During the 1980s and 90s, Bethe encouraged using nuclear energy as a source of electricity. After the Chernobyl disaster of 1986, he served on a committee that analyzed its causes.
In 1995, at the age of 88, Bethe wrote an open letter calling on all scientists to “cease and desist” from working on any aspect of nuclear weapons development and manufacture. In 2004, he joined 47 other Nobel laureates in signing a letter endorsing John Kerry for President of the United States as someone who would “restore science to its appropriate place in government”.
Awards and Honor
In 1957, Hans Bethe was made a ‘Foreign Fellow of the Royal Society’ for his work in astrophysics. He became a Fellow of the American Academy of Arts and Sciences in 1947, and that year was received the National Academy of Sciences’ Henry Draper Medal. He was awarded the Max Planck Medal in 1955.
In 1967, Hans Bethe was awarded the Nobel Prize for his work on how stars produced energy and light.
Bethe also received the National Medal of Science in 1975, Oersted Medal in 1993, the Bruce Medal in 2001, and the Benjamin Franklin Medal for Distinguished Achievement in the Sciences by the American Philosophical Society posthumously in 2005. Bethe gave the 1993 Bakerian Lecture at the Royal Society on the Mechanism of Supernovae. In 1978 he was elected a Member of the German Academy of Sciences Leopoldina.
Death and Legacy
Hans Bethe died in his home in Ithaca, New York on March 6, 2005, of congestive heart failure. He was survived by his wife Rose and two children. At the time of his death, he was the John Wendell Anderson Professor of Physics, Emeritus at Cornell University.

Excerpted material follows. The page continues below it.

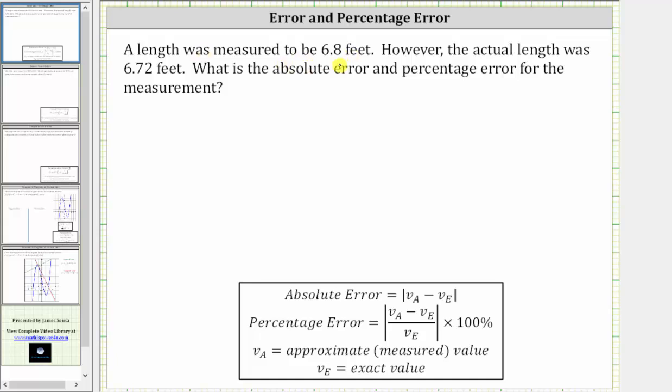A length was measured to be 6.8 feet. However, the actual length was 6.72 feet. What is the absolute error and percentage error for the measurement?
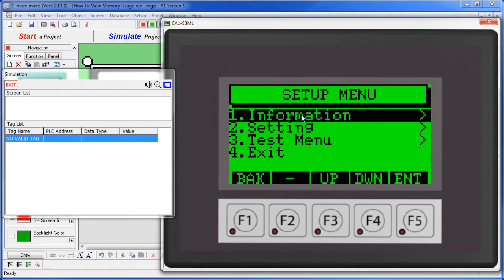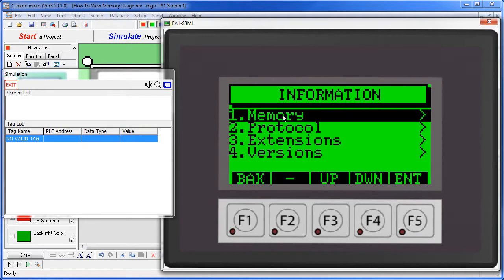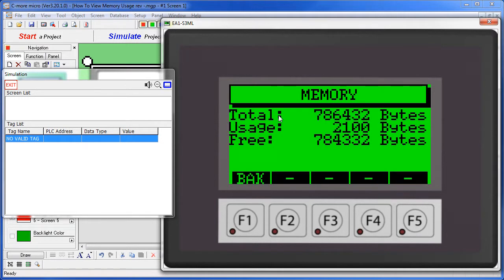Choose information from that menu and choose memory. You can now view your total memory, how much you've used, and how much you have available.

‘Bethe’s Bible’ was three long papers written for the ‘Journal Reviews of Modern Physics’ in 1936-37. The ‘Bible’ was nearly 500 pages long and it was a comprehensive review of the state of nuclear physics at that time. They were republished as a book 50 years later. ‘Energy Production in Stars’ was published in ‘Physical Review’ in 1939. In this paper, Bethe described the process in which sun-like stars merge helium and hydrogen which produces energy that gives off vast amounts of light and heat.
Bethe helped elucidate the properties of neutrinos and explained the observed rate of neutrino emission by the Sun. With the American physicist Gerald Brown, he worked to understand why massive old stars can suddenly become supernovas.
Cornell named the third of five new residential colleges, each of which is named after a distinguished former member of the Cornell faculty, Hans Bethe House after him, as was the Hans Bethe Center, 322 4th St. NE, Washington, DC, home to the Council for a Livable World, where Bethe was a longtime board member, and the Bethe Center for Theoretical Physics at University of Bonn in Germany. He also has an asteroid, 30828 Bethe, that was discovered in 1990 named after him, as was the American Physical Society’s Hans Bethe Prize.